Il y a des jours comme ça, où vous devez aller voir le gros blockbuster qui ressort (vous savez, celui avec Céline qui hurle et un gros glaçon). Et puis quand vous arrivez devant la salle, une demi-heure avant le début de la séance, il ne reste qu’une poignée de places, et le temps que votre compagnon de galère arrive, c’est plein. Donc, vous regardez quel est le prochain film qui démarre dans le secteur et où il reste des places, vous vous dites que Mince alors ! a l’air très lourd, que La colère des Titans est plein et rappelle des souvenirs douloureux, que Target avait l’air nul même dans la bande-annonce (vue soixante-dix-huit fois à peu près)… Et vous finissez par acheter des billets pour le petit film où la moitié de la salle est vide, dont la bande-annonce est passée une fois en trois semaines et qui avait l’air un peu bizarre.

Et il y a des fois où c’est une très bonne surprise.

Sur le papier, À moi seule part avec un gros handicap : il s’inspire ouvertement d’un fait divers sordide, l' »affaire Kampusch », une gamine autrichienne séquestrée pendant huit ans. Outre cet aspect racoleur éminemment suspect, une telle histoire fait forcément craindre plusieurs écueils : une narration trop manichéenne avec la gentille victime et le méchant ravisseur ; à l’inverse, une humanisation trop poussée de tous les personnages façon Bisounours ; une concentration excessive sur les conflits entre protagonistes ; la tentation du voyeurisme pur et simple ; le misérabilisme où tout le monde souffre si dignement ; ou la réduction à une simple et perpétuelle tentative d’évasion…

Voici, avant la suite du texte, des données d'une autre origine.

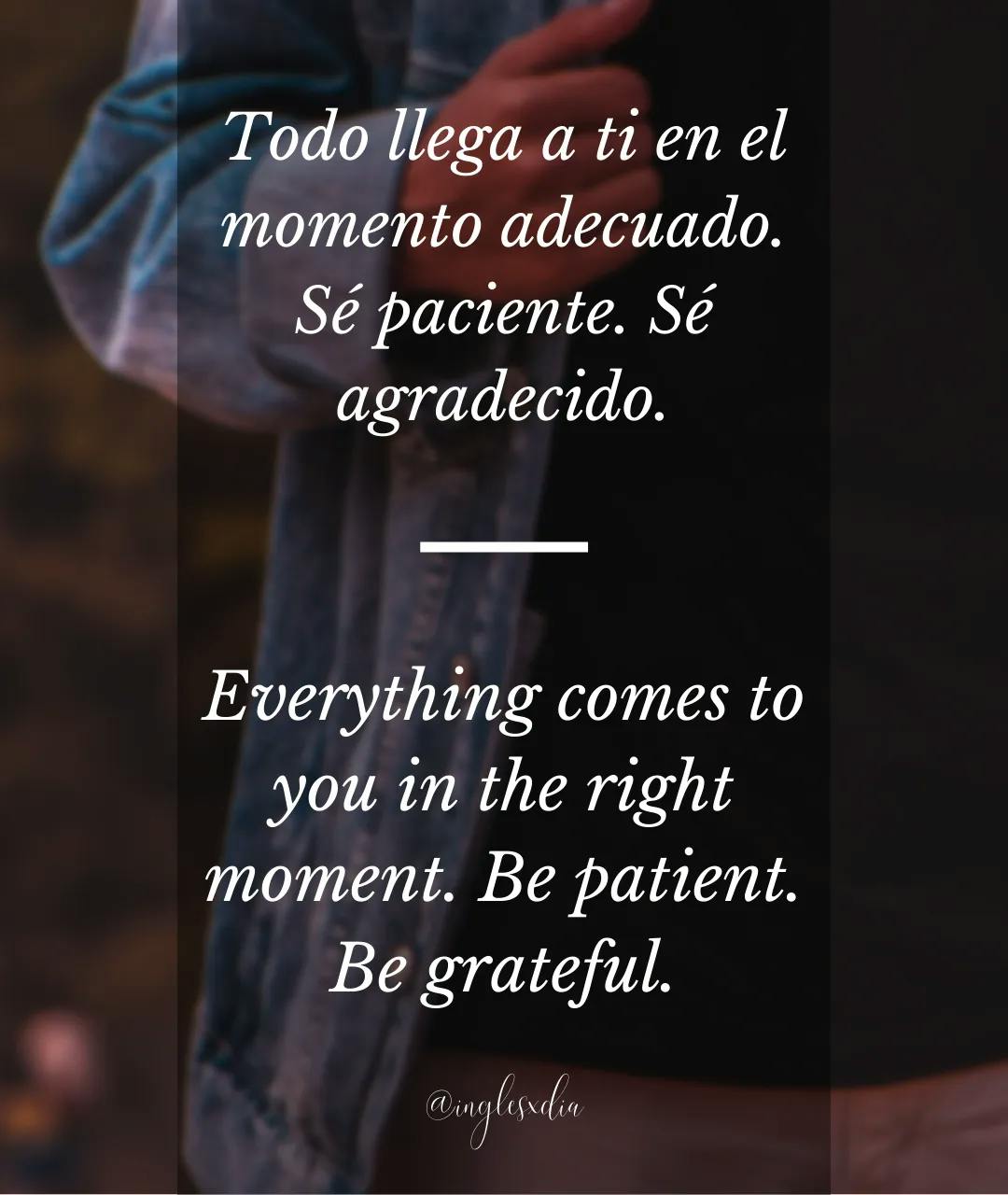Frases motivadoras en inglés: Everything comes to you in the right moment. Be patient. Be grateful.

Autant d’écueils que À moi seule évite soigneusement, navigant avec précision dans des eaux pourtant troubles. Non, Gaëlle, la victime, n’est pas une innocente douceur : c’est une adolescente solide, qui s’est construite dans la négociation et l’adversité, a eu pendant sept ans son ravisseur pour seul interlocuteur et en a conçu une certaine méfiance envers l’humanité. Son ravisseur n’est pas un méchant absolu : c’est un type un peu paumé qui essaie de se convaincre lui-même qu’il ne fait rien de mal, et dont les accès de colère lui font lui-même un peu peur. Mais même si elle a pris peu à peu l’ascendant sur lui, au point qu’il lui donne l’occasion de partir, foin d’angélisme là-dedans : Vincent est aussi un teigneux bas de plafond, et Gaëlle une gamine qui encaisse plus souvent qu’à son tour.

Le monde extérieur, lui, est une notion étrange : fantasme pendant des années, il s’avère peuplé de gens étranges, des « parents » émotifs qui peinent à se remettre de la réapparition de leur fille, d’anciens amis qui ont continué à vivre et pour qui Gaëlle n’est plus visible que sous l’angle de l’enlèvement, de journalistes hostiles et d’angoisses constantes. Symboliquement, sitôt libérée, elle va d’ailleurs s’offrir une semi-incarcération dans un asile éloigné du cet univers agressif — les scènes avec la thérapeute sont particulièrement réussies, point d’orgue d’une narration où les personnages ont tous été particulièrement creusés.

L’ensemble est évidemment très perturbant, d’autant plus que de bout en bout, À moi seule résiste avec succès à la tentation de raconter une histoire toute faite, quitte à laisser en suspens une interminable liste de questions et de réflexions. C’est généralement très bien joué, sobre et assez brut, et si la photo n’a pas de cachet particulier, le montage et la narration sont extrêmement réussis.

Pour ceux qui aiment les œuvres touchantes qui font réfléchir, c’est donc hautement recommandable.